Khang Le

The New Social Order: The Portrayal of Freedmen in the Satyrica

1¶ After another guest laughs at the antics of the freedmen’s host Trimalchio, the wealthy freedman Hermeros angrily rebukes him, claiming that he himself proudly earned his freedom from servitude. Insulting the heckler’s freeborn status, Hermeros asserts that freedmen are more virtuous and noble than their freeborn counterparts, telling him, nam in ingenuum nasci tam facile est quam accede istoc (For it is so much easier to be born into freedom than to go earn it; 57)[1]. His indignant and defensive outburst demonstrates the contention between the Roman social elite and the freedmen class. While the Cena Trimalchionis is not a genuine representation of freedmen, the manner in which Petronius depicts his characters reveals his dislike toward freedmen. Throughout the Cena, Petronius uses the freedmen’s inscriptions and language to portray them as uneducated social climbers. Although the freedmen attempt to emulate the social elite, their ostentatious behavior betrays their true unrefined, boorish nature. Petronius’s creation of these laughable freedmen parallels a common view of first century authors, who often mocked wealthy freedmen for their illegitimacy.[2] The hostile attitude of Petronius and other Roman authors reflects the changing social climate of their time and their reaction to the growing prominence of freedmen in the Roman economy. As entrepreneurial opportunities allowed freedmen to increase their wealth and social standing in spite of their lower legal status, the value of nobility and aristocratic origins declined, to the distress of the freeborn social elite. The mocking portrayal of freedmen in the Satyrica demonstrates these social concerns.
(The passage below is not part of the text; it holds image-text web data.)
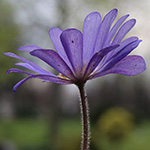 Anemone blanda - Balkan-Windröschen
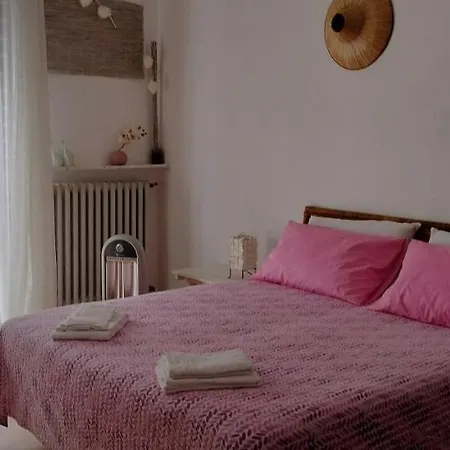 Shanel Apartment
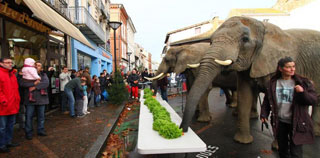 Tarn-et-Garonne: 3 éléphants, ça mange énormément à Nol en Cirque à Valence-d'Agen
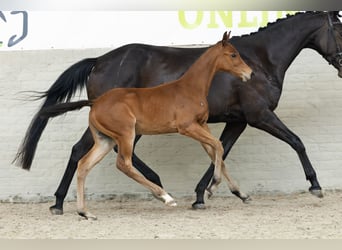 Zangersheider, Stallion, 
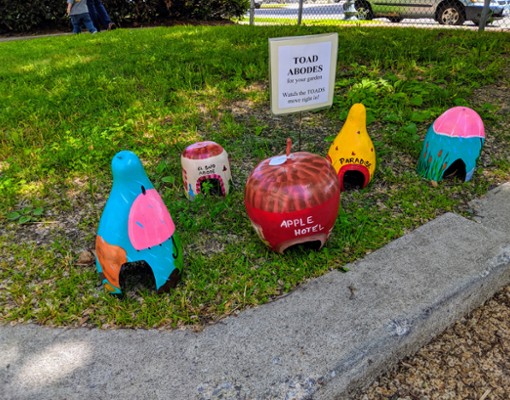 toad abodes
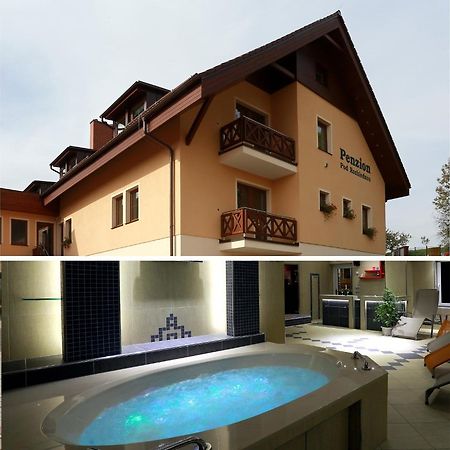 Wellness Penzion Pod Rozhlednou Kostelec nad Orlicí Extérieur photo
2¶ In the Cena, the freedmen attempt to show off their newly found economic wealth and social status through their signs and inscriptions. Depicting the freedmen’s success and influence, these inscriptions reveal the way that the freedmen characters both view themselves and want to be viewed by others, as powerful and prominent figures far removed from their slave past. Trimalchio adorns his house with several such inscriptions to impress his guests with his domineering authority and status. As the narrator Encolpius approaches Trimalchio’s house, he comes upon a notice on the doorpost, reading, Quisquis servus sine dominico iussu foras exierit, accipiet plagas centum (Whichever slave goes outside without the master’s order will receive one hundred lashes; 28). This severe warning demonstrates Trimalchio’s absolute control over his slaves, portraying him as the emperor of his household.[3] Trimalchio furthers his comparison to the emperor in the dining hall; a bronze ornament resembling the beak of a ship hangs from his wall, inscribed below, C. Pompeio Trimalchioni, seviro Augustali, Cinnamus dispensator (The steward Cinnamus, to Gaius Pompeius Trimalchio, the sevir of Augustus; 30), and on the doorpost hangs a plaque, announcing, III. Et pridie kalendas Ianuarias C. noster foras cenat (On December 30, our Gaius dines out; 30). By displaying his official title, the sevir of Augustus, and recording his social appearances, Trimalchio surrounds his visitors with evidence of his important social life, presenting himself as a man of great significance.

3¶ Trimalchio also attempts to impress his guests with inscriptions of his wealth and material goods. He serves appetizers in decorative plates, engraved with their value, Tegebant asellum duae lances, in quarum marginibus nomen Trimalchionis inscriptum erat et argenti pondus (Two dishes were covering the donkey, on the edges of which the name of Trimalchio and the weight of the silver had been engraved; 31), and offers them aged, valuable wine, quarum in cervicibus pitticia errant affixa cum hoc titulo: “Falernum Opimianum annorum centum” (on the nape of which tickets had been affixed with the label, “One hundred year old Falernum wine of Opimius”; 34). In addition to providing food and drink to his guests, Trimalchio must also amaze them with his rich and opulent lifestyle.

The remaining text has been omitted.